**Task material**:
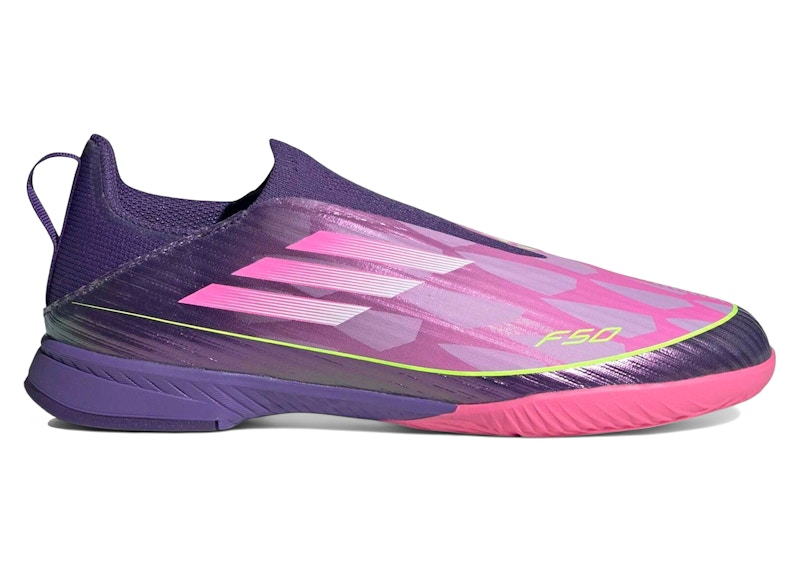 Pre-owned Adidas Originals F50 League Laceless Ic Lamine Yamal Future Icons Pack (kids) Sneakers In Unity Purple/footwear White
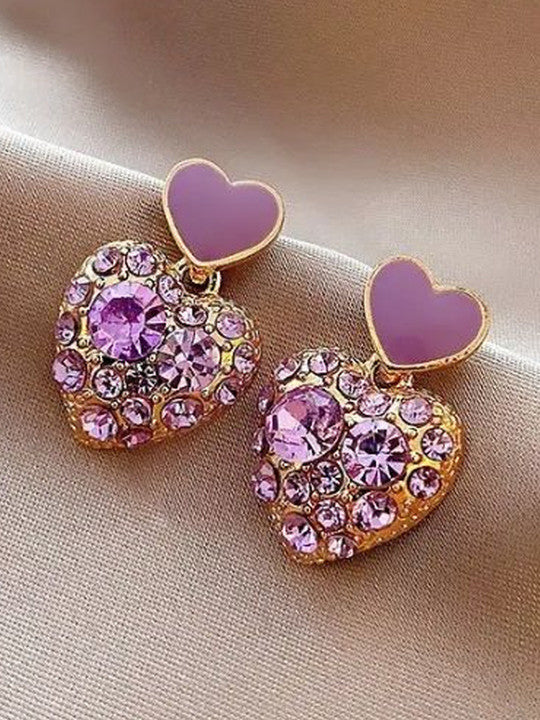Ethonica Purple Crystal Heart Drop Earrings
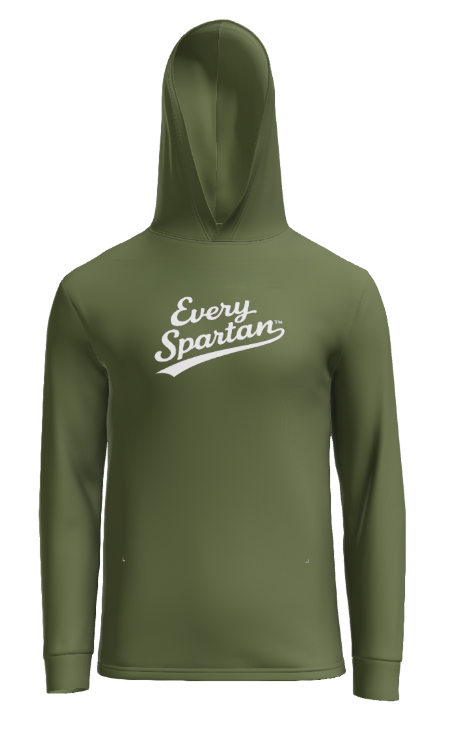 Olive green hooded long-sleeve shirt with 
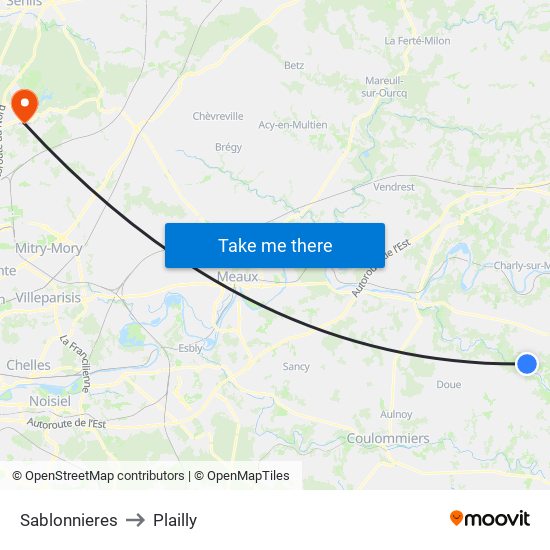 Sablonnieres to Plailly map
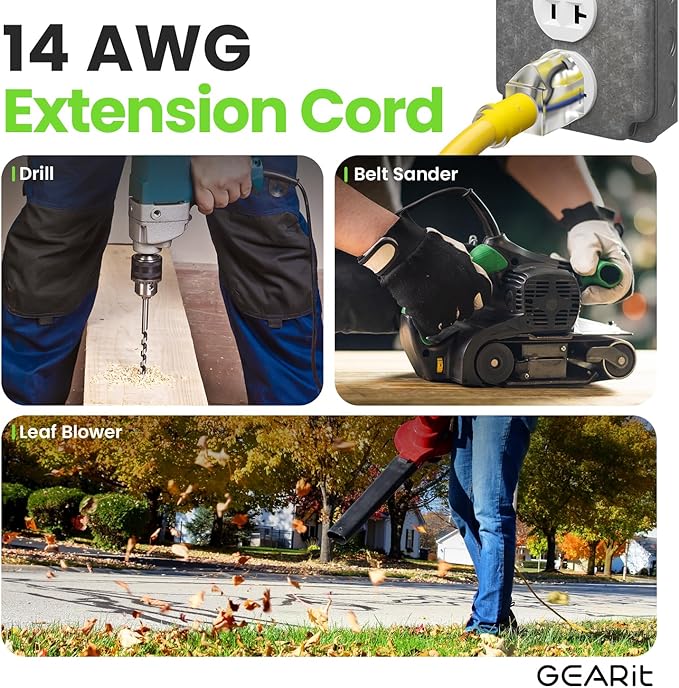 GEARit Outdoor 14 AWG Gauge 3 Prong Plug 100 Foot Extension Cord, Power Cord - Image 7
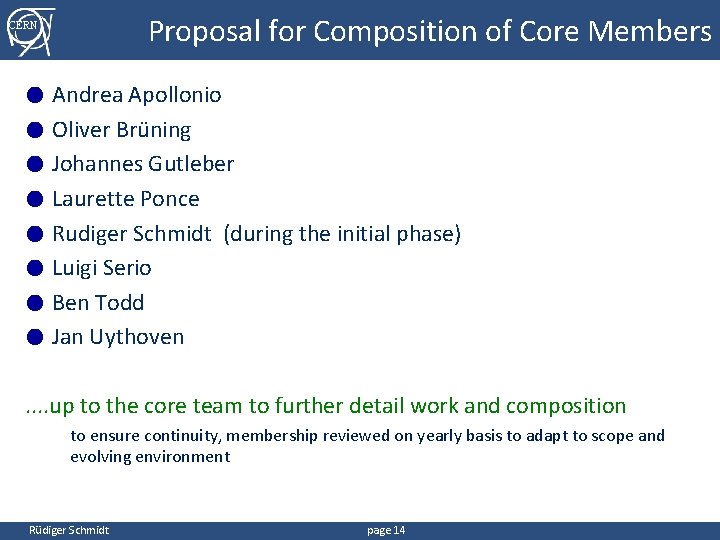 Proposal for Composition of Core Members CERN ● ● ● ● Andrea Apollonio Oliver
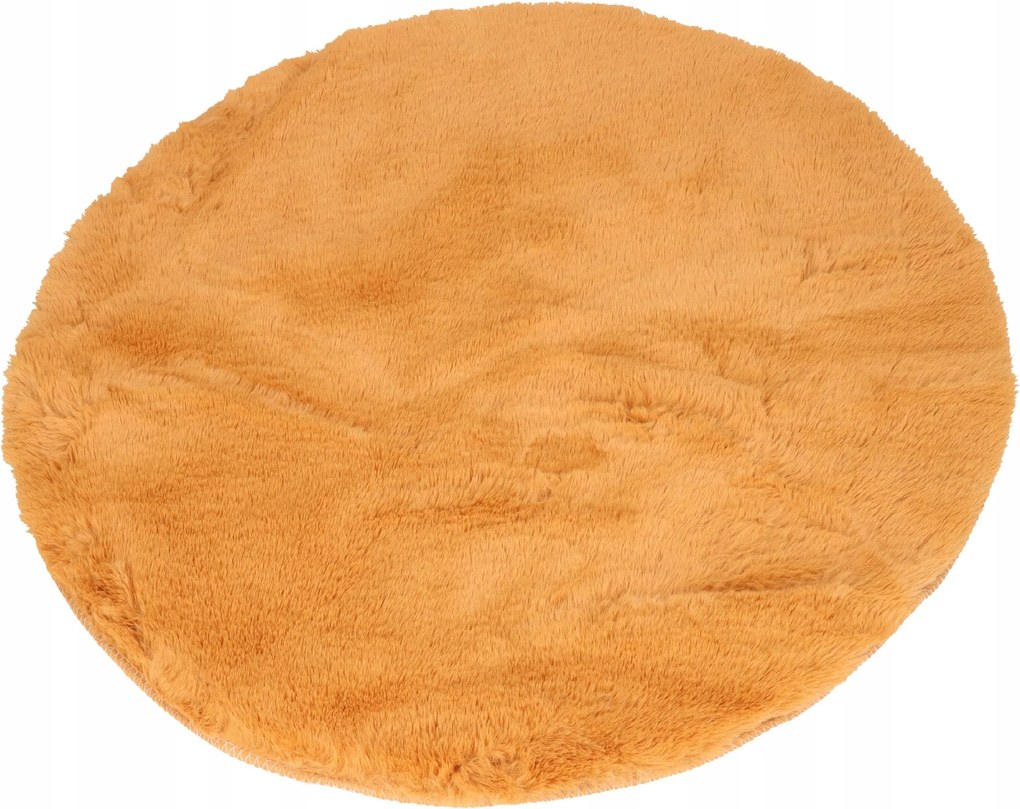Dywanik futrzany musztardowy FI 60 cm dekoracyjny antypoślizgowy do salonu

**Activity**:
Each line above must be set down exactly, though no picture should be carried over.

**Response area**:
 Pre-owned Adidas Originals F50 League Laceless Ic Lamine Yamal Future Icons Pack (kids) Sneakers In Unity Purple/footwear White
Ethonica Purple Crystal Heart Drop Earrings
 Olive green hooded long-sleeve shirt with 
 Sablonnieres to Plailly map
 GEARit Outdoor 14 AWG Gauge 3 Prong Plug 100 Foot Extension Cord, Power Cord - Image 7
 Proposal for Composition of Core Members CERN ● ● ● ● Andrea Apollonio Oliver
Dywanik futrzany musztardowy FI 60 cm dekoracyjny antypoślizgowy do salonu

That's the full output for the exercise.